Petitioner argues that the immigration judge and the Board of Immigration Appeals erred in concluding that he was convicted of a “particularly serious crime,” rendering him ineligible for relief under either the Immigration and Nationality Act or the United Nations Convention Against Torture. He does not dispute that he was convicted of possession with intent to distribute cocaine, but he contends the crime was not “particularly serious” under 8 U.S.C. §§ 1231(b)(3)(B)(ii) because it was not an “aggravated felony.”
The INA defines the term “aggravated felony” to include “a drug trafficking crime.” A drug trafficking offense committed in violation of state law automatically qualifies as a “drug trafficking crime” under this section if the defendant was convicted under a state statute that proscribes conduct necessarily punishable as a felony under the Controlled Substances Act, 21 U.S.C. § 924(c)(2). Therefore, if an alien is convicted of a state crime that necessarily would constitute a felony under the CSA, the alien’s crime of conviction qualifies as an “aggravated felony.”
Under the CSA, when the controlled substance involved in an offense is cocaine, possession with intent to distribute that substance always is punishable a felony. Therefore, petitioner’s crime of conviction qualifies as an “aggravated felony” under the INA. This “aggravated felony” conviction for which petitioner received a five-year sentence is per se a “particularly serious crime” under § 1231(b)(3)(B).

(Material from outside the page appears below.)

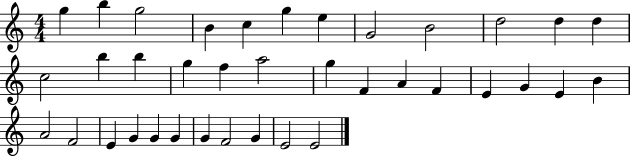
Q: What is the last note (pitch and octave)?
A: E4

We hold that the IJ and the BIA did not err in determining that petitioner was convicted of a “particularly serious” crime rendering him ineligible for removal under the INA and the CAT. We do not reach the merits of petitioner’s argument that the IJ and the BIA erred in concluding that he failed to meet his evidentiary burden to establish that he qualifies for deferral of removal under the CAT. We do not have jurisdiction to consider the merits of this claim.
Petition for review dismissed in part and denied in part.